Very Nice...have a great winter


----------



## lumberjack4567 (Feb 11, 2010)

If you don't mind me asking, how much did those wolf paws run you and where did you get them?


----------



## WIPensFan (Jan 31, 2009)

lumberjack4567;1104649 said:


> If you don't mind me asking, how much did those wolf paws run you and where did you get them?


I'd like to Private Message you. You need 10 posts first. Get 10 post and then PM me.


----------



## JD Dave (Mar 20, 2007)

Nice plow but I'd never buy one.


----------



## WIPensFan (Jan 31, 2009)

JD Dave;1104803 said:


> Nice plow but I'd never buy one.


ok. Thanks.


----------



## 04chevy2500 (Oct 7, 2009)

those tires will do wonders for you. you will never think about plowing without them. I would have also recommended the larger tires. I have two sets. the larger tires give you a little more speed and also makes it easier to set the box level, without picking up the front tires.


----------



## lumberjack4567 (Feb 11, 2010)

Ok, i will try


----------



## WIPensFan (Jan 31, 2009)

04chevy2500;1104821 said:


> those tires will do wonders for you. you will never think about plowing without them. I would have also recommended the larger tires. I have two sets. the larger tires give you a little more speed and also makes it easier to set the box level, without picking up the front tires.


Thanks for the info, maybe next set. I don't really need the speed, but it couldn't hurt. I'm hoping they work as well as everyone says. I'll put them on next week.


----------



## sno commander (Oct 16, 2007)

that plow kinda looks like a diamond. it will be nice knowing your plow will trip if you hit something instead of bracing for impact all the time.


----------



## dodge2500 (Aug 20, 2009)

Very nice set up! We too bought the Wolf Paws after reading about them and were blown away at how great they worked. They made our Gehl 6640 an unstoppable pushing machine with its 10' pusher. We also bought the smaller ones and they have been great. Our machine is a 2 spd so the speed wasn't an issue.


----------



## KMBertog (Sep 9, 2010)

we run snow wolf on all of our skid steers and have a few of the fast tatch boxes as well... you will enjoy very much... we ditched the stickers on the sides and on the blade and put our own sticker to replace the one on the front of the blade.


----------



## WIPensFan (Jan 31, 2009)

sno commander;1104912 said:


> that plow kinda looks like a diamond. it will be nice knowing your plow will trip if you hit something instead of bracing for impact all the time.
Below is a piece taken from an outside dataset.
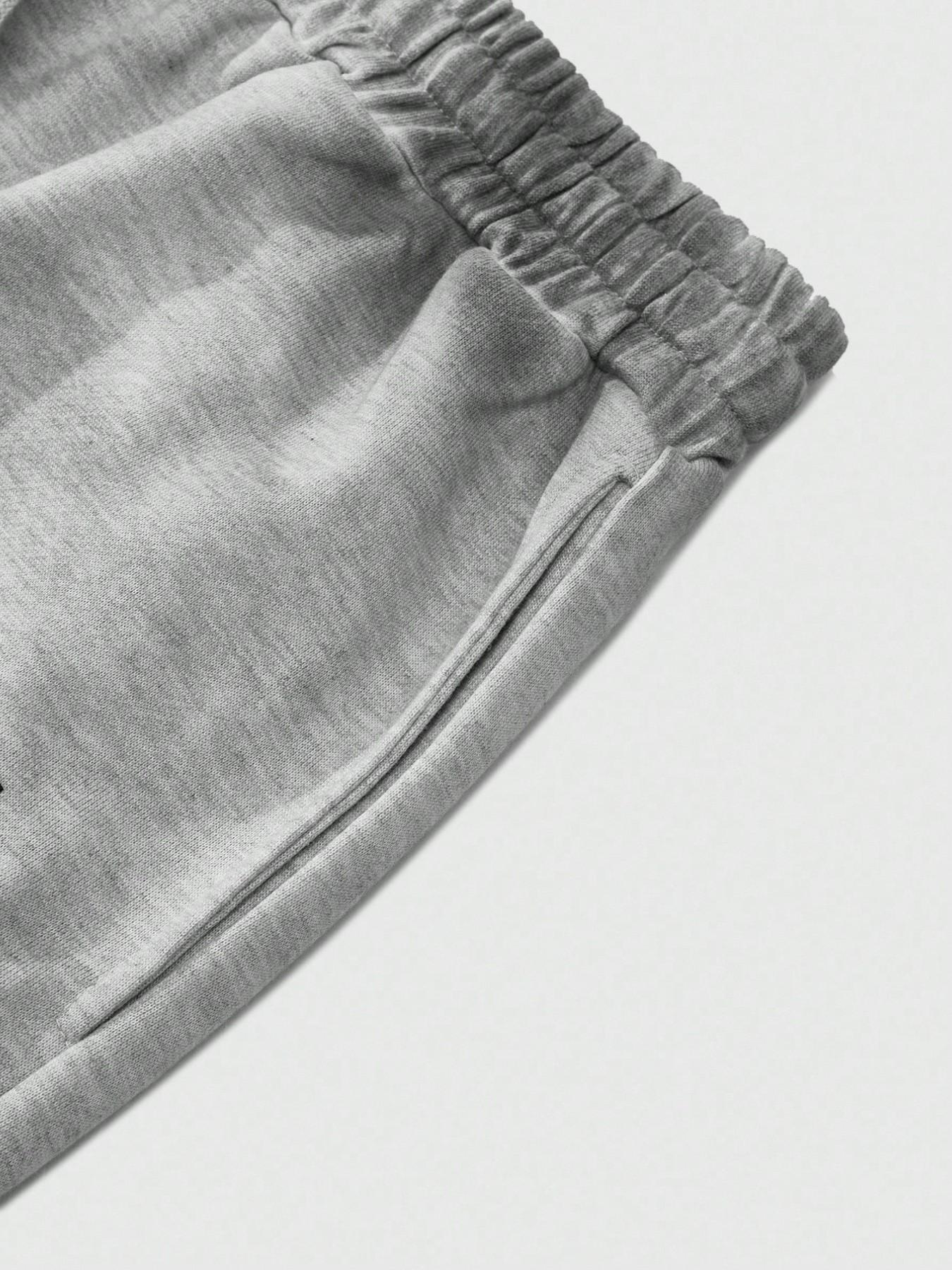 Men's Gradient Side Zipper Wide Leg Sweatpants, Y2K Streetwear Drawstring Flared Track Pants, Washed Gradient Oversized Trousers, Perfect for Street Style, Daily Wear #springsaledeals2026 #summeroutfits #tiktokshopmademebuyit #streetwear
Absolutely! I'll still be a little weary until I get used to it.



dodge2500;1104931 said:


> Very nice set up! We too bought the Wolf Paws after reading about them and were blown away at how great they worked. They made our Gehl 6640 an unstoppable pushing machine with its 10' pusher. We also bought the smaller ones and they have been great. Our machine is a 2 spd so the speed wasn't an issue.


Thanks. I'm glad to hear this.



KMBertog;1104938 said:


> we run snow wolf on all of our skid steers and have a few of the fast tatch boxes as well... you will enjoy very much... we ditched the stickers on the sides and on the blade and put our own sticker to replace the one on the front of the blade.
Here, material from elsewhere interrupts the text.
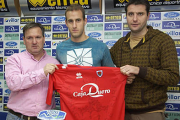 Ion Vélez llega cedido por el Athletic hasta el próximo 30 de junio. / ÚRSULA SIERRA-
I like the checkered flag, but my logos would would be more beneficial I agree.


----------



## Jelinek61 (Mar 16, 2009)

Thats sweet, how do you like the new bobcat?


----------



## GLSS22 (Dec 31, 2007)

JD Dave;1104803 said:


> Nice plow but I'd never buy one.


Just curious, Why is that?


----------



## WIPensFan (Jan 31, 2009)

Jelinek61;1105001 said:


> Thats sweet, how do you like the new bobcat?
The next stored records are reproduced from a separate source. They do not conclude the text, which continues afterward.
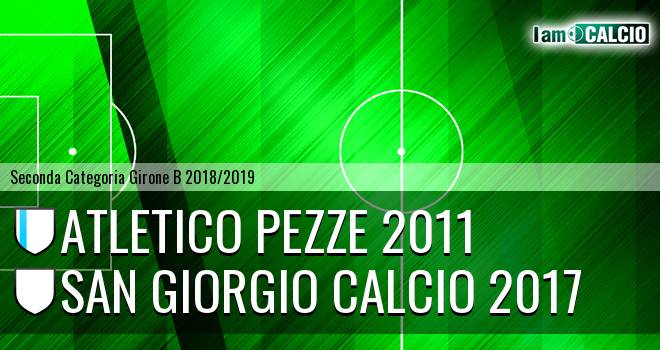 Atletico Pezze 2011 - San Giorgio Calcio 2017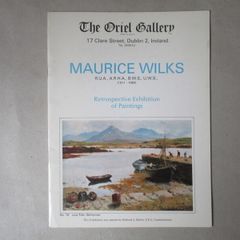 Maurice Wilks  - Oriel Gallery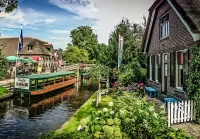 Пазл Гитхорн Нидерланды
Thanks, I love the new machine. It's crazy how much nicer this one is compared to my old 863. You can operate in these new cabs for much longer.


----------



## JD Dave (Mar 20, 2007)

Knockah22;1105088 said:


> Just curious, Why is that?


I'm really just giving WiPenn a hard time which he deserves. But since you asked about the blade I'm not sure why someone wouldn't just buy a Horst or Storm Snowing. I know they are more money but they are so much more productive. JMO


----------



## WIPensFan (Jan 31, 2009)

JD Dave;1105113 said:


> I'm really just giving WiPenn a hard time which he deserves. But since you asked about the blade I'm not sure why someone wouldn't just buy a Horst or Storm Snowing. I know they are more money but they are so much more productive. JMO


Don't you have some coats to send out? Or maybe some Eblings to box up and ship out?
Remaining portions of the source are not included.